### TASK INSTRUCTIONS
Using the listing below, retype exactly the lines starting at the one with "A courtroom scene" and ending at the one with "Jachetă căptușită cu", and include both.

### DATA PROVIDED
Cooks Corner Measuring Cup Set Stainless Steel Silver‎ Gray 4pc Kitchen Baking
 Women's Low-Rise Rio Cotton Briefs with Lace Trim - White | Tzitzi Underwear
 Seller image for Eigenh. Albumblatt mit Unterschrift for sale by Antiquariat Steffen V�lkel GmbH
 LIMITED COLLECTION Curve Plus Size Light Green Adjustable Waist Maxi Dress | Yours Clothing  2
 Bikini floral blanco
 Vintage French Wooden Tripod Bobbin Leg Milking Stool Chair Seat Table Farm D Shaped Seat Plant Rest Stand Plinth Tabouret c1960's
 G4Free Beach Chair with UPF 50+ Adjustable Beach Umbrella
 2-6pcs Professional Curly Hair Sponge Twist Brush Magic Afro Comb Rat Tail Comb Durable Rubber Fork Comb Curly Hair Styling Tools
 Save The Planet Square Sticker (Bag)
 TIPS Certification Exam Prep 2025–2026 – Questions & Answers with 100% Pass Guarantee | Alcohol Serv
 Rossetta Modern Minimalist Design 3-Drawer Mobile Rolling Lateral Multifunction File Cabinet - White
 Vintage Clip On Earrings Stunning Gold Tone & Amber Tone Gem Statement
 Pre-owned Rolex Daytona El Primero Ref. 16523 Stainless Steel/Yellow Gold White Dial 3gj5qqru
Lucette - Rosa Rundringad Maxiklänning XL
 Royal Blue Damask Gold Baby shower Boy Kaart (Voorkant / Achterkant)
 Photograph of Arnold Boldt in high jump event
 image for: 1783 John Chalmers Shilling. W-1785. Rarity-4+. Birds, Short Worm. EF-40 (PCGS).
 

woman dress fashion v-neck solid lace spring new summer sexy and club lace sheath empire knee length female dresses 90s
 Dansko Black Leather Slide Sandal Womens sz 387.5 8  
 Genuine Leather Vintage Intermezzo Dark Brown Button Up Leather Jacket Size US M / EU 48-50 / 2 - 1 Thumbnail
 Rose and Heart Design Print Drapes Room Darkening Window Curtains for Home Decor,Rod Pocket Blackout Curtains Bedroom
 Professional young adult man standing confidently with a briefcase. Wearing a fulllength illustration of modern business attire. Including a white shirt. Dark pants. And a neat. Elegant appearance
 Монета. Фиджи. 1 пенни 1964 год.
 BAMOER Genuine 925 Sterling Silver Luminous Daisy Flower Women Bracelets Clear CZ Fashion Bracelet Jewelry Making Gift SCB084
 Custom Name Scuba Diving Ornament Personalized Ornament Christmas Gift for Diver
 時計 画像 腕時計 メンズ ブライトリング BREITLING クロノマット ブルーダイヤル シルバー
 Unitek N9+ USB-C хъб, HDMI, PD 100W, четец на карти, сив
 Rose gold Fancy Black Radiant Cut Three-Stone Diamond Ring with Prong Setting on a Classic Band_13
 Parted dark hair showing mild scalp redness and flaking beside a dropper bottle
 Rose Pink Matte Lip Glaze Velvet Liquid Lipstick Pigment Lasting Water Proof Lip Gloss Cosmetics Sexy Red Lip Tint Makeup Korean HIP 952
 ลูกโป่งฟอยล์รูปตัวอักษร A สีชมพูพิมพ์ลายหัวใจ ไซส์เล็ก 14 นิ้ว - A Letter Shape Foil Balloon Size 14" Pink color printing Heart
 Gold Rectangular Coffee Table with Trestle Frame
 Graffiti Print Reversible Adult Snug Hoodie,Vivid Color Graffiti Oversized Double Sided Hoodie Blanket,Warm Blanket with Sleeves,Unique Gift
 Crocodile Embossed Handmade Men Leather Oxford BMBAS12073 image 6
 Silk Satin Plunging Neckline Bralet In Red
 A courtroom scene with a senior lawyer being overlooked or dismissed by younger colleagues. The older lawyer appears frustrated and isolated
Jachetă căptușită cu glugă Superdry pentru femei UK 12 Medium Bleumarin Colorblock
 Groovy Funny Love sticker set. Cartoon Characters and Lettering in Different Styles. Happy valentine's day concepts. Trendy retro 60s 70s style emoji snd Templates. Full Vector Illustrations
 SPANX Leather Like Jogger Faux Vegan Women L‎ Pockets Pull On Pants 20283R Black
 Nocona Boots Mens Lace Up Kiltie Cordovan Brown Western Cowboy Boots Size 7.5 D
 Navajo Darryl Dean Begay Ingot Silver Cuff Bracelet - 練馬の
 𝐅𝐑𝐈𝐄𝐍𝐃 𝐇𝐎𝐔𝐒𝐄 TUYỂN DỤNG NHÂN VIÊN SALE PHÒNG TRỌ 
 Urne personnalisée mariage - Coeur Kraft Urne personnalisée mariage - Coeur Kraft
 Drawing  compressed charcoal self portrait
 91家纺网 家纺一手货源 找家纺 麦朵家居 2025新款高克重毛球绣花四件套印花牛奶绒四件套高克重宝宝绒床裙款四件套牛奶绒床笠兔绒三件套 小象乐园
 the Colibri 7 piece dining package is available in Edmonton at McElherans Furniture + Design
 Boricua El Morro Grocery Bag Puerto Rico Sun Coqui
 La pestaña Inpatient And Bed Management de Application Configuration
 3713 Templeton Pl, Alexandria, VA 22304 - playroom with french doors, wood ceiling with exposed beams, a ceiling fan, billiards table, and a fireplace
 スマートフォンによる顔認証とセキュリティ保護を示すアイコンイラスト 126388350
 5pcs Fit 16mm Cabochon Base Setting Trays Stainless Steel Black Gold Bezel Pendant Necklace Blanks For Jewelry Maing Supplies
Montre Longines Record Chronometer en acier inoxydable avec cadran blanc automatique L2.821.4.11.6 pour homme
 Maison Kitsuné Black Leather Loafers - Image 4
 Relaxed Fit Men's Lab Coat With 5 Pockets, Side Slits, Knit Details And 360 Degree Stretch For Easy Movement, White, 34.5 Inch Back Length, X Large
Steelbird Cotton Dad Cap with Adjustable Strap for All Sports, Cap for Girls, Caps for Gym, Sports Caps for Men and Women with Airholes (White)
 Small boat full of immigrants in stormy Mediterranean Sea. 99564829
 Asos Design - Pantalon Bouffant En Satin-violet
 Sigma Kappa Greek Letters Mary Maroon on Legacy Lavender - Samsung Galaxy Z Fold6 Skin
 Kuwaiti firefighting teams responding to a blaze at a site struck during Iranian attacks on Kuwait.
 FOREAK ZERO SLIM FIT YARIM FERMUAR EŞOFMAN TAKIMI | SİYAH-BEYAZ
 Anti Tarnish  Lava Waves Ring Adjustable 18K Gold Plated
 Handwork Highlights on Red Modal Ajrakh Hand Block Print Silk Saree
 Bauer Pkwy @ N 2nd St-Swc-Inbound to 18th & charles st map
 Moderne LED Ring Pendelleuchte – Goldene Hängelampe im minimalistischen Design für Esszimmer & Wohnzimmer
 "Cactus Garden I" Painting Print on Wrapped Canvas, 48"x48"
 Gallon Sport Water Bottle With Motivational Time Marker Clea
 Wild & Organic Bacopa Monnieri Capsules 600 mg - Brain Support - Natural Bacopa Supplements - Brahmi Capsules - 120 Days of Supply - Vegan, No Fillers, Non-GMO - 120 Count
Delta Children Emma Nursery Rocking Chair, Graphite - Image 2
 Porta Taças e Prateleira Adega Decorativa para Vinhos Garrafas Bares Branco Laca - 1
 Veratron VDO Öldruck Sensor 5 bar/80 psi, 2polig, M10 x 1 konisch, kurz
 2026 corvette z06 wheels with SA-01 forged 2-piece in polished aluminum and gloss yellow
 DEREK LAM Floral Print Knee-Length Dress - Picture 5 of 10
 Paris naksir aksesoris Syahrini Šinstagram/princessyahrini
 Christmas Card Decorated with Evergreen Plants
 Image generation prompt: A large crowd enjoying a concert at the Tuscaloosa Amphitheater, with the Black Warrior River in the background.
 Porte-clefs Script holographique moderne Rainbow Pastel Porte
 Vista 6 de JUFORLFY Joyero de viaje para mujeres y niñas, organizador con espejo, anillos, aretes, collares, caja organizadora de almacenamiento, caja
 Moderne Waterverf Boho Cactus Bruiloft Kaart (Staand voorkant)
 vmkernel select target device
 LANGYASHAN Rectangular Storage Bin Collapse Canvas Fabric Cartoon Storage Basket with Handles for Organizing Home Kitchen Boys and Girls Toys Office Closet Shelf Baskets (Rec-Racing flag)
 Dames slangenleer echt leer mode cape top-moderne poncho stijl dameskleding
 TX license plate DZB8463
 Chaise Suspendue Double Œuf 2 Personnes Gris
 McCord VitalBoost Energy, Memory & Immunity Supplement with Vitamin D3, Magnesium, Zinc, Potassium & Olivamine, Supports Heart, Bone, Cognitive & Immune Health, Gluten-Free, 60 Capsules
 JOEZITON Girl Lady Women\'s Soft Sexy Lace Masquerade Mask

### PROBLEM SOLUTION
 A courtroom scene with a senior lawyer being overlooked or dismissed by younger colleagues. The older lawyer appears frustrated and isolated
Jachetă căptușită cu glugă Superdry pentru femei UK 12 Medium Bleumarin Colorblock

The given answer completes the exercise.